Scraped caption text data —
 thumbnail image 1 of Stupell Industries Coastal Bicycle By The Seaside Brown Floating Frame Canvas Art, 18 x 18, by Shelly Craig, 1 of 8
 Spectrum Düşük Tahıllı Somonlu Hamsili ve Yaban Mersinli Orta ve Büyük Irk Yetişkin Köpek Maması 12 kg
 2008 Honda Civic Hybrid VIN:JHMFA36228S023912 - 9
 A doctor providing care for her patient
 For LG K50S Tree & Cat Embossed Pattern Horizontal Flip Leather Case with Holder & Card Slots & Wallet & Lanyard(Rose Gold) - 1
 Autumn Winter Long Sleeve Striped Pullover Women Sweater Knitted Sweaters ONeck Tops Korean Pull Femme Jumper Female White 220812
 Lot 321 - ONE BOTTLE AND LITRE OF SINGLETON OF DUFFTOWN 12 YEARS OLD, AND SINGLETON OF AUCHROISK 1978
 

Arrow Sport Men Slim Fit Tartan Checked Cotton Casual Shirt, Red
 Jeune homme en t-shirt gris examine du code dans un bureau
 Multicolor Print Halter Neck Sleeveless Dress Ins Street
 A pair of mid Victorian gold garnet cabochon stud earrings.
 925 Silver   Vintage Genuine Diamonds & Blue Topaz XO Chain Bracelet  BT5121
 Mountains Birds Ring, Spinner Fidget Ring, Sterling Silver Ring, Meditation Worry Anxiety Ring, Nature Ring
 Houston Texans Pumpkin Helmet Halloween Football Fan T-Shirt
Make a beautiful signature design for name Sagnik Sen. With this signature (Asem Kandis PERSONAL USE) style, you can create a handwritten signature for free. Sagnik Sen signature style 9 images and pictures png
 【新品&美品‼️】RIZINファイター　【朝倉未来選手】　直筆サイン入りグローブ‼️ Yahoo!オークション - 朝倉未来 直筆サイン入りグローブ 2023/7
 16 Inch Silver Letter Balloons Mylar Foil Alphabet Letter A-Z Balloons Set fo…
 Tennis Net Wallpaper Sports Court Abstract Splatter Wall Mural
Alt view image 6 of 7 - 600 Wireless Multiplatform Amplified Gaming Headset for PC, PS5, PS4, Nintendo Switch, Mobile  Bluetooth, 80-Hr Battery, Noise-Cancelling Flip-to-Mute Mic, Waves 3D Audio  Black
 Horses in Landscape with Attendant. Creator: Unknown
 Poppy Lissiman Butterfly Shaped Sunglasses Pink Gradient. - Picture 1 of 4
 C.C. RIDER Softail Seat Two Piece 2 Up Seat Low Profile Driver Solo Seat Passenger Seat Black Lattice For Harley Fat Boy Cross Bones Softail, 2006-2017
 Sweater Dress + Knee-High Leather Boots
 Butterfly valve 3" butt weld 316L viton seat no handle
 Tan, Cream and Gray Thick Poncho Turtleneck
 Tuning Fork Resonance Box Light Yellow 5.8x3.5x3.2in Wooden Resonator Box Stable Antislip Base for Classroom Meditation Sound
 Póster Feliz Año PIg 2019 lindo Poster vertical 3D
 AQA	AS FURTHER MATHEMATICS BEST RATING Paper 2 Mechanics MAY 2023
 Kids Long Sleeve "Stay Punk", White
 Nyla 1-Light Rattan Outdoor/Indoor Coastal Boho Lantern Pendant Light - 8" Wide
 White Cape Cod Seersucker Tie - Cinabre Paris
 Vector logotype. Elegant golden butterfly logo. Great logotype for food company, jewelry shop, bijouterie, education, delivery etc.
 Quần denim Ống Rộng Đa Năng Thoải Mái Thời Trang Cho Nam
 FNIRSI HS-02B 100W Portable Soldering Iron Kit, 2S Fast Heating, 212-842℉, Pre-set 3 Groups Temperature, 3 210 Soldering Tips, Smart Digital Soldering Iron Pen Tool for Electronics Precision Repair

Work instructions — What is the number of lines in the data that include "Leather"? Answer with that number alone.

Completed exercise — 2